*Problem to solve*
All lines holding the word "discovery" in the listing below need to be copied.

====

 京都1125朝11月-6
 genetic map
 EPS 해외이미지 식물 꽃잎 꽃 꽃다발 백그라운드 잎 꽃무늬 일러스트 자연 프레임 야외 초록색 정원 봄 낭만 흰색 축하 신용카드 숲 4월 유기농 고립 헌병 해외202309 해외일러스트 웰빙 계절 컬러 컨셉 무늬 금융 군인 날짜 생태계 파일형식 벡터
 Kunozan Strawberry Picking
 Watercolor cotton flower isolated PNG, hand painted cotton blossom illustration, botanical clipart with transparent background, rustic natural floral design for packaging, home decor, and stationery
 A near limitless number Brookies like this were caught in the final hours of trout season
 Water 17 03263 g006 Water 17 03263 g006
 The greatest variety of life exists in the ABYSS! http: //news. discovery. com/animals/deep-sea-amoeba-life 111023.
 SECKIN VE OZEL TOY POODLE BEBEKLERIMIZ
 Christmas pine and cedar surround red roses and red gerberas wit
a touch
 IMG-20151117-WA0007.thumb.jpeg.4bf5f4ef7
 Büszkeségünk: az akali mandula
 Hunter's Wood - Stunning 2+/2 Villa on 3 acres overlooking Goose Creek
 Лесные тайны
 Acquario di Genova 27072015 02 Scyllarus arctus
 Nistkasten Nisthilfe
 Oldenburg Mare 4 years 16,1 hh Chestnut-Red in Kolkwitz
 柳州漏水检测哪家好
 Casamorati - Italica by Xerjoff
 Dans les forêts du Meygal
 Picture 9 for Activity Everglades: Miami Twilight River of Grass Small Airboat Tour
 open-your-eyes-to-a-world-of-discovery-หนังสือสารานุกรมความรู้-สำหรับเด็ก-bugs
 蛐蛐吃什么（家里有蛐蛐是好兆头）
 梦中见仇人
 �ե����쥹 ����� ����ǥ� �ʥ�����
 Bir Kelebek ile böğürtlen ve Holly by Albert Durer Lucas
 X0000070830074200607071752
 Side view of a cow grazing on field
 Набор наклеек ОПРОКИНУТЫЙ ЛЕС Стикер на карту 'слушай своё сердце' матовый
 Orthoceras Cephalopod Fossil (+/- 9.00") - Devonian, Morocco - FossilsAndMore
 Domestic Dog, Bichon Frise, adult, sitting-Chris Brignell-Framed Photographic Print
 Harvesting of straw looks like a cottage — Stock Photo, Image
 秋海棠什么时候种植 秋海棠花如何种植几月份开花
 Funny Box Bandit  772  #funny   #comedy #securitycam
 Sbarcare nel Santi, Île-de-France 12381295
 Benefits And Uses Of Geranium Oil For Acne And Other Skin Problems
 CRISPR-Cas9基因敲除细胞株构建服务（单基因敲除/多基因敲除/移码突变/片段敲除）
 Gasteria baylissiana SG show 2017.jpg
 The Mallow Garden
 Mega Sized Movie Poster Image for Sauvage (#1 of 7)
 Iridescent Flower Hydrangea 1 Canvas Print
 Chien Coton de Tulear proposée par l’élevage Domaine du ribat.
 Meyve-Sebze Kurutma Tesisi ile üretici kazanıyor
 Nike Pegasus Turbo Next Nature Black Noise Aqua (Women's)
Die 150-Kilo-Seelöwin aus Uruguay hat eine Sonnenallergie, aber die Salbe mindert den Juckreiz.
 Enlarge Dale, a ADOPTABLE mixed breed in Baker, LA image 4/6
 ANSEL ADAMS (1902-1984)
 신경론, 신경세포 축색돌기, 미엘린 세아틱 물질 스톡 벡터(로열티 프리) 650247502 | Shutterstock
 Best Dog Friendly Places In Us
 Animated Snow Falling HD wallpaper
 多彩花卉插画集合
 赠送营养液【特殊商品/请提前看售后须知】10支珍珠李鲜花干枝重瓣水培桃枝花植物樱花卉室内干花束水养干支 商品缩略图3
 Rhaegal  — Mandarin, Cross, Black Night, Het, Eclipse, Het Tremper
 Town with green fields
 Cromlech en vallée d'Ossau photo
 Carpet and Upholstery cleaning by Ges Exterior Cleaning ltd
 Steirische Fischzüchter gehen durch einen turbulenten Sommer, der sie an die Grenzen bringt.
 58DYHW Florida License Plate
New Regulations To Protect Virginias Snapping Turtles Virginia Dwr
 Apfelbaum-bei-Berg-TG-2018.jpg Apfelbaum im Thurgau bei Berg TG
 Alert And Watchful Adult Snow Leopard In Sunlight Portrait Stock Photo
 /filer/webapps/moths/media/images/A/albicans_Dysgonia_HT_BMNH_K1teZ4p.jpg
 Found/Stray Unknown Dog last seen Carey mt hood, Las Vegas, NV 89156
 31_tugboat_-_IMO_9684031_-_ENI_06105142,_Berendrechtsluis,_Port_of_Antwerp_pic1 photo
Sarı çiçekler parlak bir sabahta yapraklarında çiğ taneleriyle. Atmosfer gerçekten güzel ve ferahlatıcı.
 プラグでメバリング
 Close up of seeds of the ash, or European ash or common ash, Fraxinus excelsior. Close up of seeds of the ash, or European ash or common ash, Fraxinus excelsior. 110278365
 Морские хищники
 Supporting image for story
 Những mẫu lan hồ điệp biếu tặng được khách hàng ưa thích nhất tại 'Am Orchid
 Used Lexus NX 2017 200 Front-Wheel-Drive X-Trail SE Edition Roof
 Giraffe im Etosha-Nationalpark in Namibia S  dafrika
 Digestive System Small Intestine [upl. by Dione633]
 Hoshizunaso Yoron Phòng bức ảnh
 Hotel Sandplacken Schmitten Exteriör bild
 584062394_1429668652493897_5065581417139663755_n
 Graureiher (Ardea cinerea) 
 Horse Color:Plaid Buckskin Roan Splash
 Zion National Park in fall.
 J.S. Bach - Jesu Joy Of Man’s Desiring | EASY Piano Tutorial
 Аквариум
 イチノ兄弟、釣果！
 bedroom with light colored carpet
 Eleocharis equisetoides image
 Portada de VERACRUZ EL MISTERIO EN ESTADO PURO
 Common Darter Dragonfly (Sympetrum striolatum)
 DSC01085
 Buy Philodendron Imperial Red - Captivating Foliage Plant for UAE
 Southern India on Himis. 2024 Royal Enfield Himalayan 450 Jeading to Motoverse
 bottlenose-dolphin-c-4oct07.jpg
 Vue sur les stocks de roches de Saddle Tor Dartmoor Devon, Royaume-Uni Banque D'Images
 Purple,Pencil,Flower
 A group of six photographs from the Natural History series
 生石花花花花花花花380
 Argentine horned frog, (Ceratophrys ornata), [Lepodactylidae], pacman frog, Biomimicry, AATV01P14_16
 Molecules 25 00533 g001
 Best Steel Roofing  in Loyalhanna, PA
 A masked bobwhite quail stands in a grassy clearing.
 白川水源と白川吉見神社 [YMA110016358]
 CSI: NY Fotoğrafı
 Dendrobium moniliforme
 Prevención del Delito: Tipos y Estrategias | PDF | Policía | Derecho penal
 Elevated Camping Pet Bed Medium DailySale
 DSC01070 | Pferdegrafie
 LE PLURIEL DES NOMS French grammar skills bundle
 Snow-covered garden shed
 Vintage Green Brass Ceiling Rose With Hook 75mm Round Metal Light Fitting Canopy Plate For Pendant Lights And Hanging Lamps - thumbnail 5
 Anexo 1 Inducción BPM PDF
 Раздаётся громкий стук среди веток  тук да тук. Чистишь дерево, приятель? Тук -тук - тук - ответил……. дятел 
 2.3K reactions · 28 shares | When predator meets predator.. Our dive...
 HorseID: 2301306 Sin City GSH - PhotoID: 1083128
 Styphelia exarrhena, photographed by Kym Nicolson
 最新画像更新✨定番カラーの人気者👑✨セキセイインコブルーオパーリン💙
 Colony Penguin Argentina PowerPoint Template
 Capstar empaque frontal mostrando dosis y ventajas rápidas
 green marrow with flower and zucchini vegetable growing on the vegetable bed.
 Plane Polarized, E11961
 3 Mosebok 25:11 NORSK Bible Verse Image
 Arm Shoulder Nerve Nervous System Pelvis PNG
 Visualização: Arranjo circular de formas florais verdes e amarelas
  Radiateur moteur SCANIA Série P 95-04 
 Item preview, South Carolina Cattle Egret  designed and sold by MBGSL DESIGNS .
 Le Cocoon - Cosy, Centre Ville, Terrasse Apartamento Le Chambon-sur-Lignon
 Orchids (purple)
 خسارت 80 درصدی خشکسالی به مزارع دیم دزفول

====

*Output of the exercise*
 The greatest variety of life exists in the ABYSS! http: //news. discovery. com/animals/deep-sea-amoeba-life 111023.
 open-your-eyes-to-a-world-of-discovery-หนังสือสารานุกรมความรู้-สำหรับเด็ก-bugs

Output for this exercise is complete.